Rihab lives in Zarqa, Jordan, along with her husband and five children. She became a member of CARE’s Zarqa Women’s Leadership Council when it first began in 2016. This was her first experience in a leadership role, and she was very new to topics such as gender, violence and human rights. “I had no idea that refugee women had this many rights, until I was trained to become a trainer on these topics,” explains Rihab.

“When I was in Syria, I used to be a psychology and a sociology teacher in a boys’ school, which is why it was very difficult for me to be unemployed when I came to Jordan in 2013,” says Rihab. Rihab found her calling when she was introduced to the Women’s Leadership Council and was able to be an active member of society again.

“I have always considered my children to be my greatest accomplishment in life. They are all very high achievers at school. My second greatest achievement is that I was able to rise from a very dark place due to my work with CARE in the Council.”

After a year and a half of training other women, the Council started initiatives that would help them reach a wider audience of Syrian women and educate them on the most important topics. “My initiative was called ‘First Aid at Your Home’, where I taught 10 women basic first aid skills that can save their lives, or a family member’s life. They, in turn, would teach 10 other women all the lifesaving skills that they learned.”

Rihab explained that her work with CARE has also helped her work with other INGOs, “I was able to build my CV and work with NRC and UNICEF as a leader for change. This also allowed me to be a leader in my own household and set an example for my children to be leaders as well. My son is even enrolled in the CARE Youth Council because he always says that he wants to be just like me.”

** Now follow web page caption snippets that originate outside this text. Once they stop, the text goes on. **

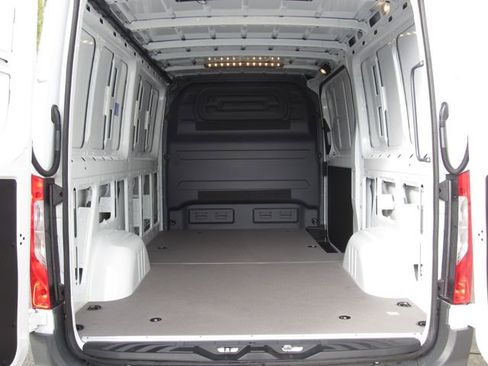 Used 2025 Mercedes-Benz Sprinter 2500 image 22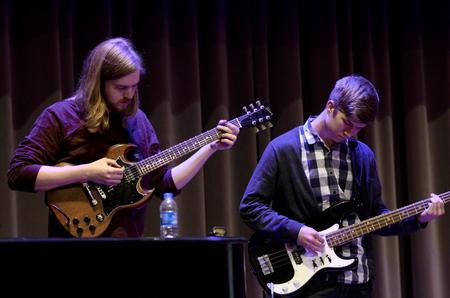 Students help lead music in chapel. - Photo by Anne Richoux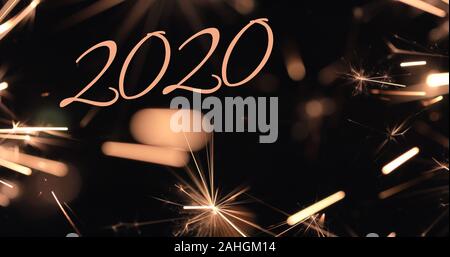 Bonne Année 2020 VOEUX Carte de souhaits avec firework sparkles en fond noir Banque D'Images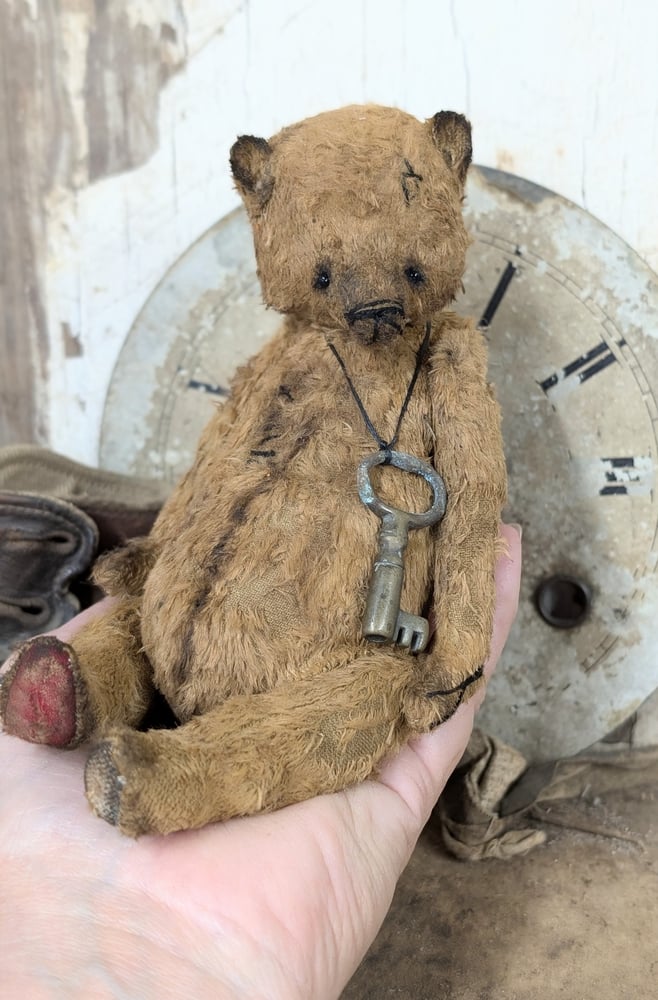 Image of 7" -  Old Frumpy Primitive Teddy Bear w/antique skeleton key  by Whendi's Bears.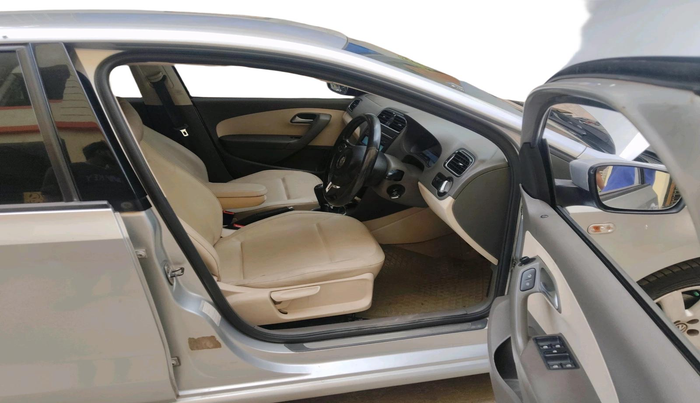 2012 Volkswagen Vento HIGHLINE DIESEL 1.6, Diesel, Manual, 1,78,344 km, interior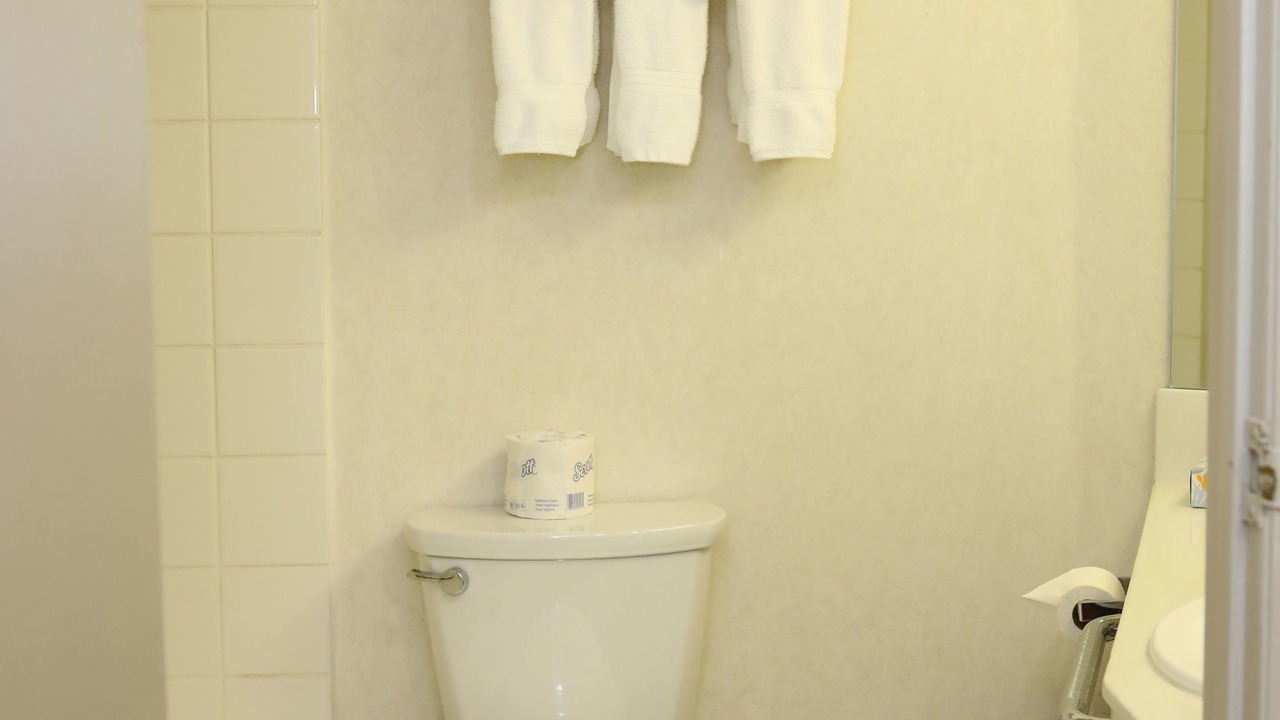 Photo of Bathroom in Jasper Place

Women’s Leadership Councils (WLCs) enable Syrian women to take part in activism, promote gender-responsive and participatory monitoring practices, and participate in key decision-making processes within their local communities in Jordan. Each council is made up of twelve members between the ages of 18-55 (with exceptions to qualified and committed women over 55). WLCs help raise the voices of Syrian women and girls by including them in policy making and providing support to the women and girls in their communities.

Rihab said of her experience as a leader in one of CARE’s Women’s Leadership Councils, “I have always considered my children to be my greatest accomplishment in life… My second greatest achievement is that I was able to rise from a very dark phase due to my work with CARE in the Council.”